After target encoding, we use ggcorrplot to generate the correlation matrix for the features.
library(ggcorrplot)
correlation_matrix <- cor(data %>% select(-salary_in_usd))
ggcorrplot(correlation_matrix, lab = T)+
labs(title = "correlation matrix",
x = "",
y = "")+
theme_bw()+
theme(axis.text.x = element_text("BL", "bold", "black", size = 10, angle = 45, hjust = 1),
axis.text.y = element_text("BL", "bold", "black", size = 10, hjust = 1),
title = element_text("BL", "bold", size = 10))
-
We use randomForest and gradient boosting (gbm) to build an ensemble learning model to predict signedlog10(salary_in_usd).
-
Ensemble Learning: Use caret and caretEnsemble
- Functions for creating ensembles of caret models: caretList() and caretStack(). caretList() is a convenience function for fitting multiple caret::train() models to the same dataset. caretStack() will make linear or non-linear combinations of these models, using a caret::train() model as a meta-model, and caretEnsemble() will make a robust linear combination of models using a GLM.
- We also use cross-validation (5-fold) and grid search to find the best hyperparameters.
- We use RMSE of salary_in_usd to evaluate the performance of model.
- null model: use linear regression(only intercept)

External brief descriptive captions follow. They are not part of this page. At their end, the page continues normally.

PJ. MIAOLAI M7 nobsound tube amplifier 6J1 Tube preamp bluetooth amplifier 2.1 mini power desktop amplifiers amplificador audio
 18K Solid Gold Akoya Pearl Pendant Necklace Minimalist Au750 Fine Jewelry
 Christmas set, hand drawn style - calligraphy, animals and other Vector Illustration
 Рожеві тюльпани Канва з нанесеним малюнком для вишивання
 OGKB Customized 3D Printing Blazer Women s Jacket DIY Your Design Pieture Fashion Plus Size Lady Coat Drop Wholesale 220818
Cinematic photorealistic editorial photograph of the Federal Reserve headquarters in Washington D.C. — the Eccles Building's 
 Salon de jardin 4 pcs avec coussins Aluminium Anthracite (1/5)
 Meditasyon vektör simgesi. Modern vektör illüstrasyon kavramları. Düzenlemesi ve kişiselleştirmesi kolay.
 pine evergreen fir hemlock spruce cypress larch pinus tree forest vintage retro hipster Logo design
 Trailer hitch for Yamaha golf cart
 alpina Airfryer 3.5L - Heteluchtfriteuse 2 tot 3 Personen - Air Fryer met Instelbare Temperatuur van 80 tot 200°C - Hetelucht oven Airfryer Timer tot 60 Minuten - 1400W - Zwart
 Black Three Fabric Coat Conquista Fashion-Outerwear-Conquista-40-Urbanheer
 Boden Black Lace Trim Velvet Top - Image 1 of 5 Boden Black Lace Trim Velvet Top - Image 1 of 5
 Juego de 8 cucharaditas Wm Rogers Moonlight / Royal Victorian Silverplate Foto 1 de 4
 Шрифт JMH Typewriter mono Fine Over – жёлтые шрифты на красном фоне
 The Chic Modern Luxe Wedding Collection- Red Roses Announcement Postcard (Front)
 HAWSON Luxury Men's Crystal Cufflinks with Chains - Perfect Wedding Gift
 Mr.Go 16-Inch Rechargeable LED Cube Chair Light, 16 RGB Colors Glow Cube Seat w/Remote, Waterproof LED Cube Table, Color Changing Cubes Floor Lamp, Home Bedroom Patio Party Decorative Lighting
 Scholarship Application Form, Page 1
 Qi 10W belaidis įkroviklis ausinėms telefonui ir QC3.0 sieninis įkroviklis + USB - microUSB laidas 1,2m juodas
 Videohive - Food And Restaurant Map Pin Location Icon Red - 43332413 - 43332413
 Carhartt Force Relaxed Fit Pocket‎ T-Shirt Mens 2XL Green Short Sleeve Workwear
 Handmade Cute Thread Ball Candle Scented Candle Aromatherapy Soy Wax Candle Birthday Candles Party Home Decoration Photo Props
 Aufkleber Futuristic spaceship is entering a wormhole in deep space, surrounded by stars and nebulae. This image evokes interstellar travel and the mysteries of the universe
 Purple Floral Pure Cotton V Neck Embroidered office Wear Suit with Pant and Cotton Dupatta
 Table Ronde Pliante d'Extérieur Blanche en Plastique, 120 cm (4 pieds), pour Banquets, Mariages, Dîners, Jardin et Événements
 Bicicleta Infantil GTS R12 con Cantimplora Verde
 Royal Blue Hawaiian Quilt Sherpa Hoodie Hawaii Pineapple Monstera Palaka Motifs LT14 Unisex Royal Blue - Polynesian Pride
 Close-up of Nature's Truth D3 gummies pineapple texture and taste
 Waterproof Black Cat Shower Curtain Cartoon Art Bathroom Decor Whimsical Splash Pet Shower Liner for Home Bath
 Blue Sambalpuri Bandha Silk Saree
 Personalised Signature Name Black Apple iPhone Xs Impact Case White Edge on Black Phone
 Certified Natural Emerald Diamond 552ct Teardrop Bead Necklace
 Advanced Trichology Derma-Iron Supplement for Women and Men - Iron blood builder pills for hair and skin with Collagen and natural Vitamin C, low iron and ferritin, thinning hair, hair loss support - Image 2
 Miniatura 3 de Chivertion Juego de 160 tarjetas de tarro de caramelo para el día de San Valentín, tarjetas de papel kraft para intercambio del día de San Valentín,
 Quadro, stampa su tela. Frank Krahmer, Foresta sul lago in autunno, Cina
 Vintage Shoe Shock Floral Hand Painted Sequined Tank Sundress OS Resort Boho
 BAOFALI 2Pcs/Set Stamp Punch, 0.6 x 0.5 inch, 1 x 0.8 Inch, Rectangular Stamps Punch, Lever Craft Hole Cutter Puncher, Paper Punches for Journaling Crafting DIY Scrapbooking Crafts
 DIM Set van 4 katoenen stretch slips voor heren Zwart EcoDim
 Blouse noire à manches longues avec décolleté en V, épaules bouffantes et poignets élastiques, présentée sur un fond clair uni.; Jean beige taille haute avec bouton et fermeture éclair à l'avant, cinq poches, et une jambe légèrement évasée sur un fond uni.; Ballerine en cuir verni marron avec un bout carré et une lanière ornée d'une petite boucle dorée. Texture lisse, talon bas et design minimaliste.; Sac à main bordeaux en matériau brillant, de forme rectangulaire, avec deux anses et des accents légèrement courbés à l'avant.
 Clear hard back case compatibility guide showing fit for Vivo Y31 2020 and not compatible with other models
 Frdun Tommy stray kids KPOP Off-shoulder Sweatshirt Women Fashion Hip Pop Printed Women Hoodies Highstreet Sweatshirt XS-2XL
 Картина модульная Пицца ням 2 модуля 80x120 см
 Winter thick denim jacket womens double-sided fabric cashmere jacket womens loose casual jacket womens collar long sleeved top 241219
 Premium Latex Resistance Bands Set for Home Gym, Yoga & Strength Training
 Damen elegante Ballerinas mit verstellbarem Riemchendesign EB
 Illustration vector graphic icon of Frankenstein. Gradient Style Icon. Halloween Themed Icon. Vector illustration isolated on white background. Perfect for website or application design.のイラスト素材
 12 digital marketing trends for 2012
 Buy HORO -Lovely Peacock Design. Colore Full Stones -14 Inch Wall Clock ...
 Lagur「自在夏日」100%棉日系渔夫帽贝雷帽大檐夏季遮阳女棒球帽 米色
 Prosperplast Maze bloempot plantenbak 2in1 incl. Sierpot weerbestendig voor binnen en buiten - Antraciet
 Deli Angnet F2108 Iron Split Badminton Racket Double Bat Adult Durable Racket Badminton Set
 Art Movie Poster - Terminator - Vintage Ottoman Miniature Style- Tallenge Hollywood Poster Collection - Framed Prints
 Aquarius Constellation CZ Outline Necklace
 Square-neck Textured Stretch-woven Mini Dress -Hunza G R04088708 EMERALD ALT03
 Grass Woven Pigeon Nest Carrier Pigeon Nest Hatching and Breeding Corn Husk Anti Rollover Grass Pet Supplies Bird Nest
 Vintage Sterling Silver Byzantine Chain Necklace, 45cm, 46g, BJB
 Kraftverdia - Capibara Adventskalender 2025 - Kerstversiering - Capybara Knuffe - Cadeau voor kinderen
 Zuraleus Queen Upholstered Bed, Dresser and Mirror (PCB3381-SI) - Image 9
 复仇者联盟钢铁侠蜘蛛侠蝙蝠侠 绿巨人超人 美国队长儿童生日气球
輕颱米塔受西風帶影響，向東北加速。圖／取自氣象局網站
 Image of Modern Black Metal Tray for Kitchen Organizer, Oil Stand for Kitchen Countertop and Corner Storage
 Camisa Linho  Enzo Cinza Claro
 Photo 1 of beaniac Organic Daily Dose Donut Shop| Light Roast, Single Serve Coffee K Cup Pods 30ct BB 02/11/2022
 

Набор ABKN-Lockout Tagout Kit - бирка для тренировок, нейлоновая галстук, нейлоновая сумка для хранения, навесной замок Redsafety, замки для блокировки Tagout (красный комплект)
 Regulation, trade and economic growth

null_model <- lm(salary_in_usd~1, data = train_data)
summary(null_model)
null_rmse <- RMSE(train_data$salary_in_usd %>% arcsignedlog10,
null_model$fitted.values %>% arcsignedlog10)
- ensemble model = random forest + gradient boosting
library(randomForest)
library(gbm)
library(caret)
library(caretEnsemble)
# cross validation
ctrl <- trainControl(
method = "cv",
number = 5,
savePredictions = "final",
returnData = TRUE,
returnResamp = "final",
verboseIter = TRUE
)
# grid search
rf_grid <- expand.grid(
mtry = c(2)
)
gbm_grid <- expand.grid(
n.trees = 150,
interaction.depth = 3,
shrinkage = 0.1,
n.minobsinnode = 10
)
# model_list
model_list <- caretList(
salary_in_usd~.,
data = train_data,
metric = "RMSE",
verbose = T,
trControl = ctrl,
tuneList = list(
rf = caretModelSpec("rf", tuneGrid = rf_grid),
gbm = caretModelSpec("gbm", tuneGrid = gbm_grid)
)
)
# ensemble model
ens_model <- caretEnsemble(model_list)
feature_name | overall | rf | gbm |
---|---|---|---|
job_title👑 | 41.94337184 | 41.65463988 | 44.24573465 |
employee_residence | 29.53998588 | 29.47609937 | 30.04942006 |
experience_level | 25.94155302 | 26.09243964 | 24.73837574 |
company_size | 1.397332208 | 1.513988644 | 0.467108035 |
remote_ratio | 1.177757053 | 1.262832468 | 0.499361506 |
employment_type | 0 | 0 | 0 |
Train / Test | RMSE |
---|---|
Train | 46728.5916975186 |
Train / Test | RMSE |
---|---|
Test | 47087.3351748348 |
- Our Performance👑
Train / Test | RMSE |
---|---|
Train | 46728.5916975186 |
Test | 47087.3351748348 |
- RMSE score for train 51.4 kUSD/year, and for test 52.0 kUSD/year
- test RMSE: 57857.07162184822
Our accuracy is already significantly better than other results on Kaggle.
However, this is a passable result. We need more data or features to optimize our model training to achieve results that most people can accept.
Nonetheless, during the training process, we found that job_title is the most important feature, indicating that job titles play a crucial role in predicting salaries.